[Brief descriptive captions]
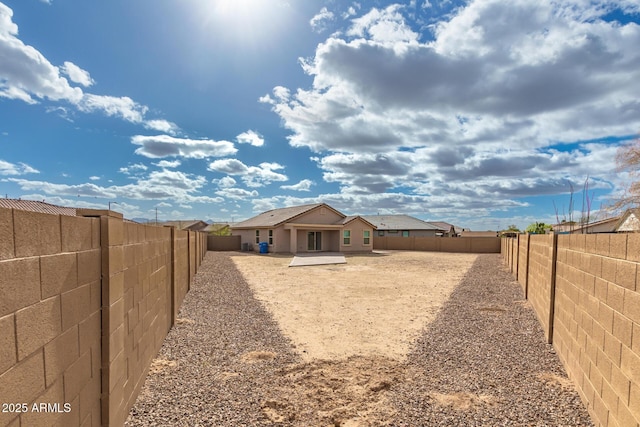 view of yard with a fenced backyard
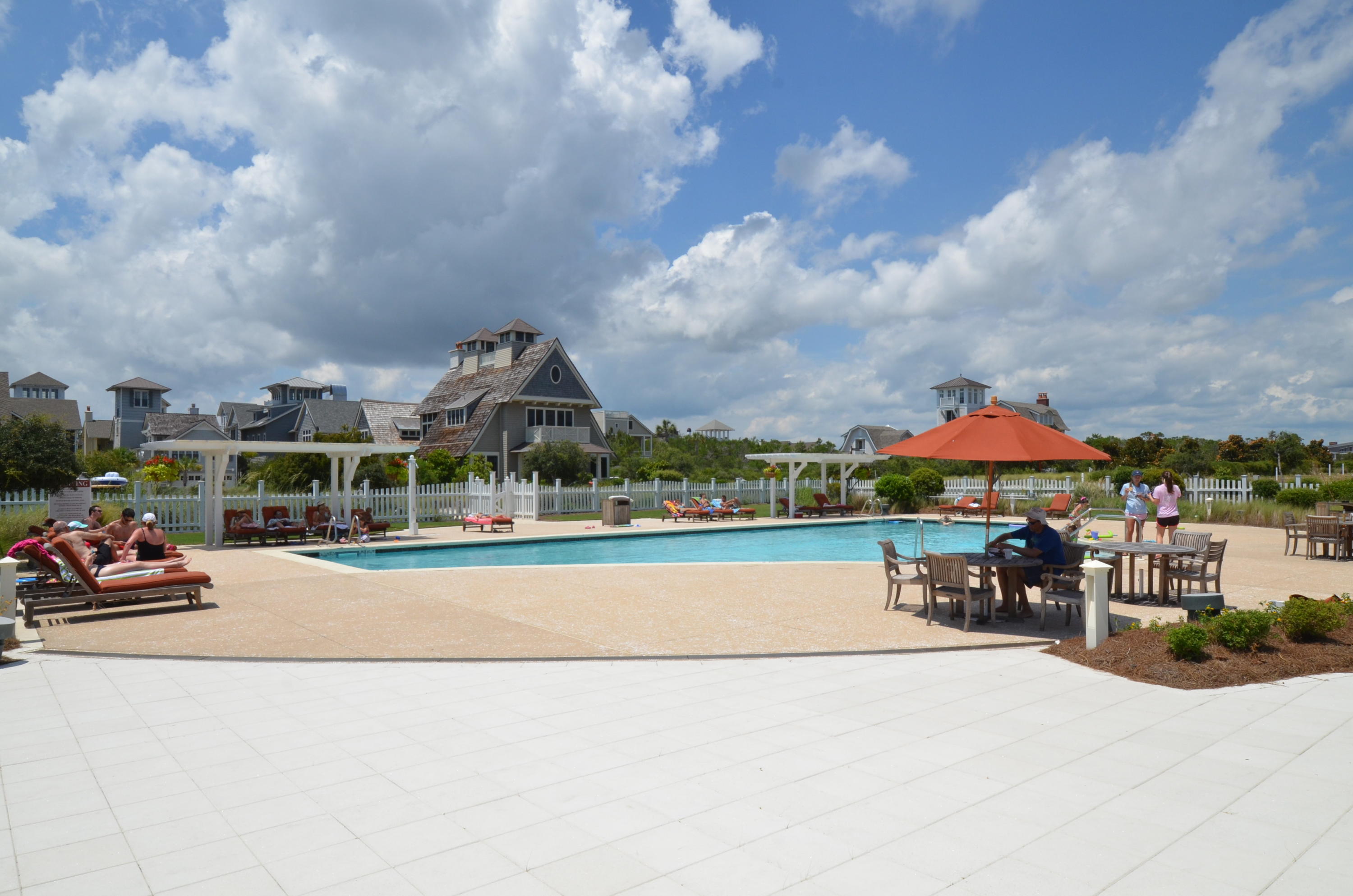 99 Compass Point Way South, Unit 201 Inlet Beach, FL 32461 - Photo 50 of 56 an outdoor space with patio and white umbrellas
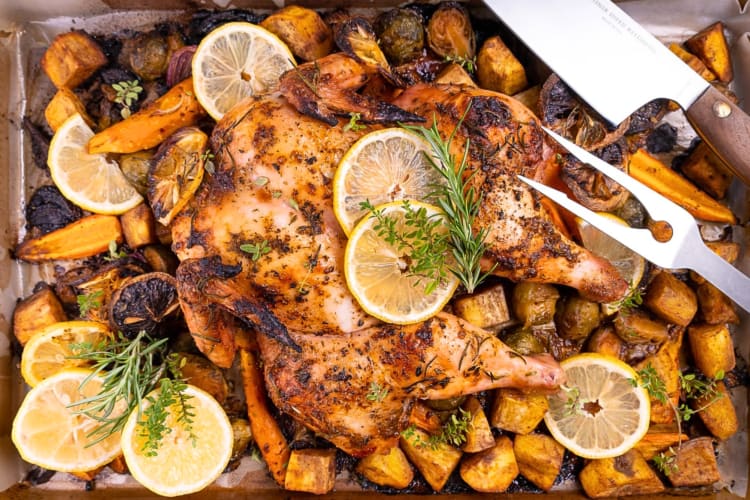Spatchcock chicken surrounded by potatoes, vegetables, lemon slices and herbs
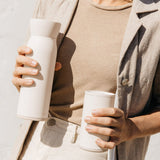 Drink on-the-go with this water bottle and cup all-in-one
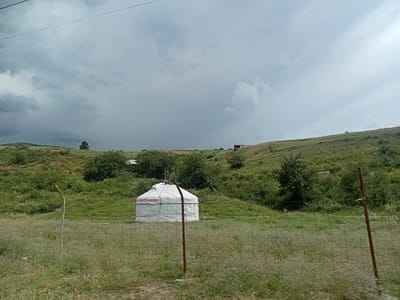 A wide shot captures a yurt, a traditional circular dwelling, situated in a grassy, rolling landscape under a heavily overcast sky. The yurt is predominantly white with a decorative red and white patterned band around its lower section. It is positioned in the middle ground, behind a wire fence that runs horizontally across the foreground. The fence is supported by metal posts. The terrain surrounding the yurt is uneven and covered in green grass and scattered bushes. In the distance, on the far right, a small, dark-colored structure is visible atop a hill. The sky is filled with dark, grey clouds, suggesting an impending storm or recent rain. A single, bare-branched tree stands on a distant hill to the left. The scene appears to be in a rural or semi-rural area, likely the region of Көксаяқ ауылдық округі, Kazakhstan, characterized by its open terrain and traditional dwellings. There are no people visible in the image.
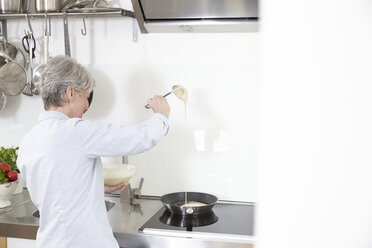 Mature woman in kitchen preparing pancakes - FMKF001452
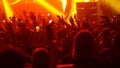 Energetic crowd of people dancing with their hands up at the punk concert - red lighting Royalty Free Stock Photo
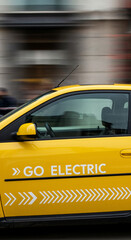 Yellow electric car with &ldquo;GO ELECTRIC&rdquo; text in city background.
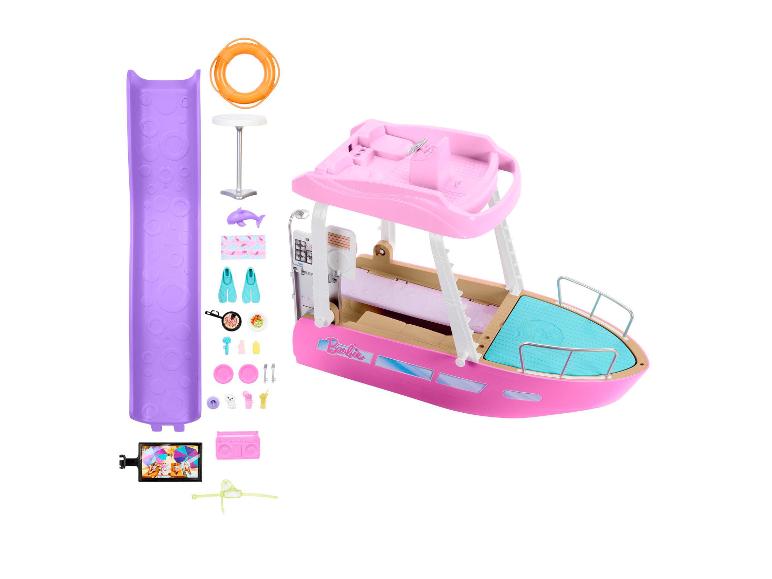 Barbie speelset met roze boot en strandaccessoires.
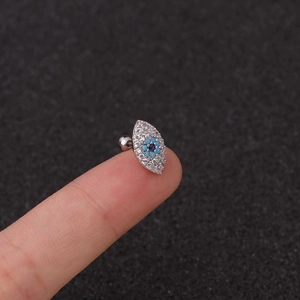 Primer plano de pendiente de ojo en plata con gema azul y circonitas blancas brillantes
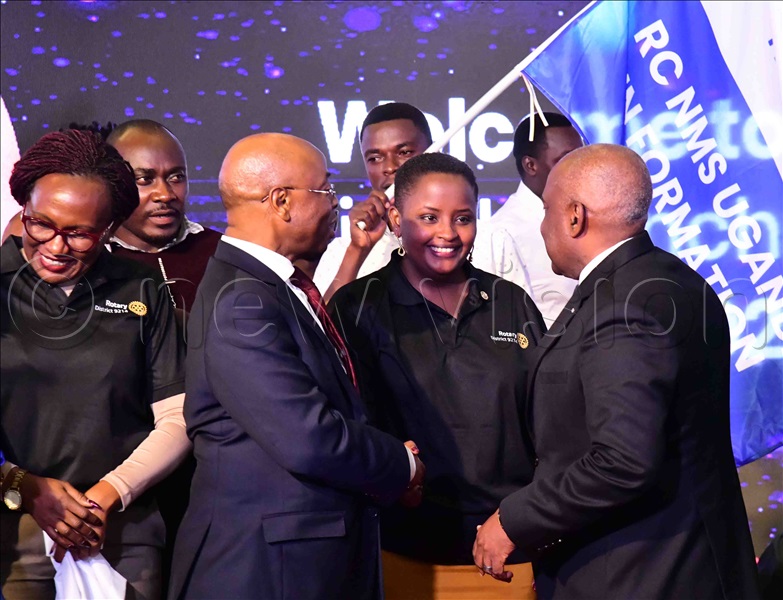 Emmanuel Katongole (R), the Rotary International director, and Prof. Augustus Nuwagaba, the Bank of Uganda deputy governor, speaking to Sheila Nduhukire, the incoming president of the Rotary Club of NMS Uganda.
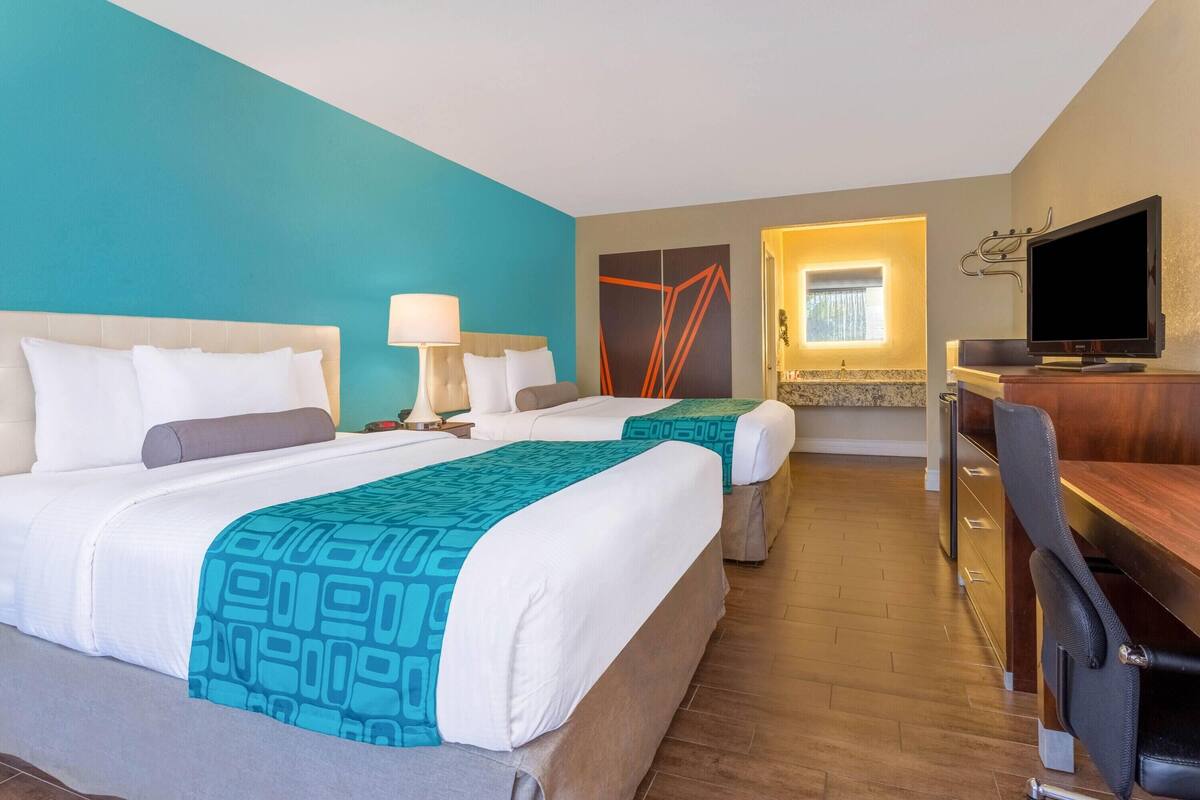 Habitación de hotel con dos camas, un escritorio, un televisor y un baño a la vista a través de una puerta abierta.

## Task brief
Could you copy each line above exactly as written, minus any pictures?

## Task solution
 view of yard with a fenced backyard
 99 Compass Point Way South, Unit 201 Inlet Beach, FL 32461 - Photo 50 of 56 an outdoor space with patio and white umbrellas
Spatchcock chicken surrounded by potatoes, vegetables, lemon slices and herbs
 Drink on-the-go with this water bottle and cup all-in-one
 A wide shot captures a yurt, a traditional circular dwelling, situated in a grassy, rolling landscape under a heavily overcast sky. The yurt is predominantly white with a decorative red and white patterned band around its lower section. It is positioned in the middle ground, behind a wire fence that runs horizontally across the foreground. The fence is supported by metal posts. The terrain surrounding the yurt is uneven and covered in green grass and scattered bushes. In the distance, on the far right, a small, dark-colored structure is visible atop a hill. The sky is filled with dark, grey clouds, suggesting an impending storm or recent rain. A single, bare-branched tree stands on a distant hill to the left. The scene appears to be in a rural or semi-rural area, likely the region of Көксаяқ ауылдық округі, Kazakhstan, characterized by its open terrain and traditional dwellings. There are no people visible in the image.
 Mature woman in kitchen preparing pancakes - FMKF001452
 Energetic crowd of people dancing with their hands up at the punk concert - red lighting Royalty Free Stock Photo
 Yellow electric car with &ldquo;GO ELECTRIC&rdquo; text in city background.
 Barbie speelset met roze boot en strandaccessoires.
 Primer plano de pendiente de ojo en plata con gema azul y circonitas blancas brillantes
 Emmanuel Katongole (R), the Rotary International director, and Prof. Augustus Nuwagaba, the Bank of Uganda deputy governor, speaking to Sheila Nduhukire, the incoming president of the Rotary Club of NMS Uganda.
 Habitación de hotel con dos camas, un escritorio, un televisor y un baño a la vista a través de una puerta abierta.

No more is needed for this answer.